La ministre responsable de la Charte de la langue française a soutenu que le projet de loi 14, battu en chambre par l’opposition, contenait tous les éléments d’une bonne réforme.
Photo: Pedro Ruiz - Archives Le Devoir La ministre responsable de la Charte de la langue française a soutenu que le projet de loi 14, battu en chambre par l’opposition, contenait tous les éléments d’une bonne réforme.

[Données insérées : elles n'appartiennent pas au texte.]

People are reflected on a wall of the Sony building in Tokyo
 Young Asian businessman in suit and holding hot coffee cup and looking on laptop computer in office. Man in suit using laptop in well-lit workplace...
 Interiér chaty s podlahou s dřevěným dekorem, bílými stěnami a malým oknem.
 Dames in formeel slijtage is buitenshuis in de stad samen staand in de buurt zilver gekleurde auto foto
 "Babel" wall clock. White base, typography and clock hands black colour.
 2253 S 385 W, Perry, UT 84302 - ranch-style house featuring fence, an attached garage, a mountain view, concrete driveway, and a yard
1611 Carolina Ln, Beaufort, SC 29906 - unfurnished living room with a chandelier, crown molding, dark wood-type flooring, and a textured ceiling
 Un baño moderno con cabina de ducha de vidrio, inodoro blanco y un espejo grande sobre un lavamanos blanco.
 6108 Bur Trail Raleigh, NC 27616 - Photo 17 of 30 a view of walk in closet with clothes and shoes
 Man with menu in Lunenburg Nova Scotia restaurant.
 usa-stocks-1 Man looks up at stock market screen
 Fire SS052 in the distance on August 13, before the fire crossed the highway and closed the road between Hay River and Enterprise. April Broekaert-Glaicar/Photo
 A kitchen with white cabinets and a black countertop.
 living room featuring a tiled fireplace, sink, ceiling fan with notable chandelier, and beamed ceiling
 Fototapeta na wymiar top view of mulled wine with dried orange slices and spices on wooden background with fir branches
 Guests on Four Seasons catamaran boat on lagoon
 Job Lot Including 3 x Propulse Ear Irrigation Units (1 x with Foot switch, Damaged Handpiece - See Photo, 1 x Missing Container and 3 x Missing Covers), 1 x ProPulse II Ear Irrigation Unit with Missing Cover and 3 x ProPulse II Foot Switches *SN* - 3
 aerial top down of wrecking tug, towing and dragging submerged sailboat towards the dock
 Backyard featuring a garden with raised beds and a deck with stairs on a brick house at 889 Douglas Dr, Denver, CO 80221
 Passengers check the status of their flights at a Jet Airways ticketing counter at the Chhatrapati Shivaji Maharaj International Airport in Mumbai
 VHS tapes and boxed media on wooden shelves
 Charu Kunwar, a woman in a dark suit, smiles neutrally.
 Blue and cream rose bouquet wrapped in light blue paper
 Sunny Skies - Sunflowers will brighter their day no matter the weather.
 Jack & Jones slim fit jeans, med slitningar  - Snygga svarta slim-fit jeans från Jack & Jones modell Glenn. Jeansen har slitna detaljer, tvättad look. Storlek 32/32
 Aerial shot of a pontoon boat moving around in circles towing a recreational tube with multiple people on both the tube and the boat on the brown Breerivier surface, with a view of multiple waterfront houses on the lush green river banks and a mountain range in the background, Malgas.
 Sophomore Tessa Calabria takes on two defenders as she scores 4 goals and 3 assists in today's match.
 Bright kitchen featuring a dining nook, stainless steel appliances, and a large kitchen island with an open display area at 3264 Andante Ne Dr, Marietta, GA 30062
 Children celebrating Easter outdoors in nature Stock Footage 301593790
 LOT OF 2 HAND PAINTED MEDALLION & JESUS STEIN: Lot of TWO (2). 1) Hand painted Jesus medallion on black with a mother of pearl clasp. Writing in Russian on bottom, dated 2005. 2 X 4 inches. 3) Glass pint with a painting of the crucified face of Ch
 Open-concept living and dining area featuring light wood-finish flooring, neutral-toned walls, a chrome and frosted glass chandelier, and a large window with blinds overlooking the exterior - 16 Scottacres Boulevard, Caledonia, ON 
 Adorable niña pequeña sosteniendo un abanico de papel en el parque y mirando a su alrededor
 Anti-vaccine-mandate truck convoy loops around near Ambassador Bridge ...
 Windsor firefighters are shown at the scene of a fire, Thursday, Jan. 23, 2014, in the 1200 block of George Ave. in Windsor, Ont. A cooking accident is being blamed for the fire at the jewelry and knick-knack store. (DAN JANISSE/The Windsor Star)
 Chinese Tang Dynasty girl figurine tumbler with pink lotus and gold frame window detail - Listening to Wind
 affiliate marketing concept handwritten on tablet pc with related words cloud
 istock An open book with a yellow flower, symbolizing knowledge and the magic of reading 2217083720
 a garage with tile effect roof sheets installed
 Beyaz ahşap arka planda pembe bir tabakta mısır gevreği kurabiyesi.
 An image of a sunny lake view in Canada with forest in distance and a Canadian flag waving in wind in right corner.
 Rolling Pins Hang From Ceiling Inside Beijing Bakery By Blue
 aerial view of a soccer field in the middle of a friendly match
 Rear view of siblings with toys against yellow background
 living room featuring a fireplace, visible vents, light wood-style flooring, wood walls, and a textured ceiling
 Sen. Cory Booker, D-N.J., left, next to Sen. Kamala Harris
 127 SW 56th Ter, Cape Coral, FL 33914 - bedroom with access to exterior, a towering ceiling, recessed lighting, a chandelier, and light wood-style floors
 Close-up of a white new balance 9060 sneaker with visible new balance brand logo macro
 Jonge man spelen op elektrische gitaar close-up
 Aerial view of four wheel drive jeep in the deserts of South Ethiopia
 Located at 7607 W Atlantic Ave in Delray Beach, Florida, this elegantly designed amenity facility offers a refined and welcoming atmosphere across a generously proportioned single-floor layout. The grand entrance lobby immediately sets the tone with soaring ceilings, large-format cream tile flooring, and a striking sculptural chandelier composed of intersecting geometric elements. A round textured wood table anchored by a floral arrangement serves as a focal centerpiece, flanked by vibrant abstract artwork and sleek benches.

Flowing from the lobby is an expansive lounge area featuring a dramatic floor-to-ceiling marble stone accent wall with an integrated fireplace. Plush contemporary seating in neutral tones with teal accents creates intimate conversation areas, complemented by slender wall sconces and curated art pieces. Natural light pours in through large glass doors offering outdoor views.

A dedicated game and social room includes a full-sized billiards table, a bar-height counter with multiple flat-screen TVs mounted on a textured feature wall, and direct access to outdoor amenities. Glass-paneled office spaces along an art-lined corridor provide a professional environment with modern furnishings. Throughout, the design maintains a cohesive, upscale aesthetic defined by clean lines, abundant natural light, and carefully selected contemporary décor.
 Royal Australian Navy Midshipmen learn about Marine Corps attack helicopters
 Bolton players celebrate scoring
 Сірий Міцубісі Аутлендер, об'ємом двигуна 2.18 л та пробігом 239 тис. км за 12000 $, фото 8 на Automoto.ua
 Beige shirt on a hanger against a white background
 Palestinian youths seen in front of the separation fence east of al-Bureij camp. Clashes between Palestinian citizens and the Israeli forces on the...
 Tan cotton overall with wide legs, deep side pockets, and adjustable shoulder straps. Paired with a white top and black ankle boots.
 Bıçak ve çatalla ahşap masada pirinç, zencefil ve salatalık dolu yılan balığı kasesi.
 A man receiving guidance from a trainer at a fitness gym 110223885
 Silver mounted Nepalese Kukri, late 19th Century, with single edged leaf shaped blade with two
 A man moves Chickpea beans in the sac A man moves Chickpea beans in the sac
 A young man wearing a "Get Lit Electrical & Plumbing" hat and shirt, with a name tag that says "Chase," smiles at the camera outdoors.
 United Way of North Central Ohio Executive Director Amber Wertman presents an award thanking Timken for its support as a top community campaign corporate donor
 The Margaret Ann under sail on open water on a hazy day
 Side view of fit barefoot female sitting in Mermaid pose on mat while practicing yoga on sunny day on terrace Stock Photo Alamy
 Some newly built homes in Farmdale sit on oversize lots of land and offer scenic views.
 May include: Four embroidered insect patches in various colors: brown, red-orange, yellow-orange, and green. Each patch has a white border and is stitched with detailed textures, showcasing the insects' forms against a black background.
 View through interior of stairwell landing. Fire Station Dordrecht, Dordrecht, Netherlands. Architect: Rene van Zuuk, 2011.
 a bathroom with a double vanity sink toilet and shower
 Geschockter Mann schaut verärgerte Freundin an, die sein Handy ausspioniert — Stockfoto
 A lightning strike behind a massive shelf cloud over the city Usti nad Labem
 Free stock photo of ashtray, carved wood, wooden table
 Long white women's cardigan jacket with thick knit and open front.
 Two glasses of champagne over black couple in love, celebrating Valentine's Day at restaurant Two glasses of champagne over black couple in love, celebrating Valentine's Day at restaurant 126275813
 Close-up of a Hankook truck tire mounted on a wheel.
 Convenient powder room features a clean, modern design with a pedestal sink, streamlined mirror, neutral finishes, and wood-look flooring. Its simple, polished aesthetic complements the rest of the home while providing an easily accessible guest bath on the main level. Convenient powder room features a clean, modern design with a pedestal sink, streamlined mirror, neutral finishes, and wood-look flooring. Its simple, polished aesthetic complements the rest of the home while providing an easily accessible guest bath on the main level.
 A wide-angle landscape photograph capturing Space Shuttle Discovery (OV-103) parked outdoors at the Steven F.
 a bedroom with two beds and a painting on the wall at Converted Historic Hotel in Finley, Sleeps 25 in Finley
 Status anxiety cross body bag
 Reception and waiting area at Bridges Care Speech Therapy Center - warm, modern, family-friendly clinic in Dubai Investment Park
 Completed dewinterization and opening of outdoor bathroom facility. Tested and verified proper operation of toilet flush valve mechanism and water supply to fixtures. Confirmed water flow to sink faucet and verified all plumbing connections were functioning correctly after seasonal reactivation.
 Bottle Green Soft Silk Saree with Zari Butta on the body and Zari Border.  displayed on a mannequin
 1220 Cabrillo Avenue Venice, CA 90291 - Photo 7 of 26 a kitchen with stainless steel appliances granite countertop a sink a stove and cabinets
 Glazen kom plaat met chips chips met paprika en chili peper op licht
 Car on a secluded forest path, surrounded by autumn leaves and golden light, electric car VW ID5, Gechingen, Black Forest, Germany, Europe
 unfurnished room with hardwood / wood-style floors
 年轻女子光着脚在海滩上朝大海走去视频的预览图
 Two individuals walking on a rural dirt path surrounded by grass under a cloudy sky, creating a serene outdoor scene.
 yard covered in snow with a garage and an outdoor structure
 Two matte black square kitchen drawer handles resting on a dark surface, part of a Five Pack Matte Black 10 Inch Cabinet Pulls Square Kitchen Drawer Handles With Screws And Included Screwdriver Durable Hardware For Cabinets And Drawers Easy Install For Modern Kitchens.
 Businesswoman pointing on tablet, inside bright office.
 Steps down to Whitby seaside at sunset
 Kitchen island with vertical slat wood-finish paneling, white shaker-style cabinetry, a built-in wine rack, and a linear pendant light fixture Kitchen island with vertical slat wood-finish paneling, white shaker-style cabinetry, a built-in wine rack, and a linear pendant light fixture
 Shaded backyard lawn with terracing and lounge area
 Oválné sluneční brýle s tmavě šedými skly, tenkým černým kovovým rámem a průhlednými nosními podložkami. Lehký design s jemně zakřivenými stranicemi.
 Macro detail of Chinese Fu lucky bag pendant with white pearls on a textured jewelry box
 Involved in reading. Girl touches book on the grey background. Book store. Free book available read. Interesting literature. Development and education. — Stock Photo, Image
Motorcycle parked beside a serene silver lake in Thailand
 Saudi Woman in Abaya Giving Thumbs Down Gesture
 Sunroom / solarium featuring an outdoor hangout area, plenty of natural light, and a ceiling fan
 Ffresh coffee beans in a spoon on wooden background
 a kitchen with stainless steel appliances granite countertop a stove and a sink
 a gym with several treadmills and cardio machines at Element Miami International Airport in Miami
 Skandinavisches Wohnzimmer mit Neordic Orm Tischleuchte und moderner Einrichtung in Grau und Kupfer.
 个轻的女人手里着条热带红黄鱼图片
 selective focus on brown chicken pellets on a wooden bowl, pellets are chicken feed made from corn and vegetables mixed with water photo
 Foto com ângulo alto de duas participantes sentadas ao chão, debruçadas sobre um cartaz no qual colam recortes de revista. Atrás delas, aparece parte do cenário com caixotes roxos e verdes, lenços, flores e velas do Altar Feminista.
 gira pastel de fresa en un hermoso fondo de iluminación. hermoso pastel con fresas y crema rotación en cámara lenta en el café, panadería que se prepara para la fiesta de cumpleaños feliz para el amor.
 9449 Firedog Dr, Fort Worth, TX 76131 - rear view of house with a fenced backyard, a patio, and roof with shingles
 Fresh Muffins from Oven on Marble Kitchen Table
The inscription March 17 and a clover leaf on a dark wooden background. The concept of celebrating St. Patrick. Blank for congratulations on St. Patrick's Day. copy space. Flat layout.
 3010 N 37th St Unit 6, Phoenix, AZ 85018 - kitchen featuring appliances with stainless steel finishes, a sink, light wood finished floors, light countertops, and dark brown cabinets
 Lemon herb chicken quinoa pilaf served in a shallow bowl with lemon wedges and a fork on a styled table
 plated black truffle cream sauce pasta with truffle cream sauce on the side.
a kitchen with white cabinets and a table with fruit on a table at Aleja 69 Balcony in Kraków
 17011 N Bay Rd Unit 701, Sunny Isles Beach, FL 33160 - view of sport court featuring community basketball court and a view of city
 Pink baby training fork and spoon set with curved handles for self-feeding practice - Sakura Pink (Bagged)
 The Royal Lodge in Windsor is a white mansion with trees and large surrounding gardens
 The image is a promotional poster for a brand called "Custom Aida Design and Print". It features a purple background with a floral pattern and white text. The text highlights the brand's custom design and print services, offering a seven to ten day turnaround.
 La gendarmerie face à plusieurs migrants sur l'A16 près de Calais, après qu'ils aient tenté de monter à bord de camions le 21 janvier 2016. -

La ministre Diane De Courcy en est « persuadée » : un gouvernement majoritaire du Parti québécois reviendrait à la charge avec un projet de loi pour réformer la Charte de la langue française. Et il risque bien de ressembler au défunt projet de loi 14, où « tout était là », selon elle.

 

Dans un discours livré lundi midi devant des membres du Conseil du patronat, la ministre responsable de la Charte de la langue française a indiqué avoir été « étonnée et peinée de constater le peu d’engagement des partis d’opposition vis-à-vis de la défense du français au Québec ». Elle a rejeté sur la Coalition avenir Québec (CAQ) la responsabilité de l’échec des négociations autour du projet de loi 14, que Québec a abandonné à la mi-novembre 2013.

 

Quand on lui a demandé si le PQ entendait présenter une nouvelle réforme de la Charte de la langue française, Diane De Courcy a répondu que ce serait « à la première ministre de présenter les engagements électoraux ». Mais elle a ajouté que « dans un gouvernement majoritaire du PQ, je suis persuadée que la question de la langue sera à l’honneur, bien entendu », puisque « la question de la langue commune au Québec, c’est fondamental ».

 

Retour au projet de loi 14

 

S’il est élu de manière majoritaire, le PQ présentera-t-il un projet de loi identique à celui discuté en 2013 ? Mme De Courcy s’est gardée de le préciser, mais non sans rappeler les fondements de son projet de loi. Que faire pour contrer le recul du français dans les entreprises, par exemple ? « Ça prendrait l’encadrement législatif et réglementaire que j’avais proposé dans le cadre de 14. Tout est dans ce qui a été mis de côté ».

 

Durant la campagne électorale 2012, le PQ avait fait de la réforme de la loi 101 une promesse centrale de son programme. Déposé en décembre de la même année, le projet a été rejeté par les libéraux. Les négociations avec la CAQ ont achoppé sur trois éléments que le PQ considérait comme essentiels : le statut bilingue des municipalités, la langue de travail et les cégeps anglophones.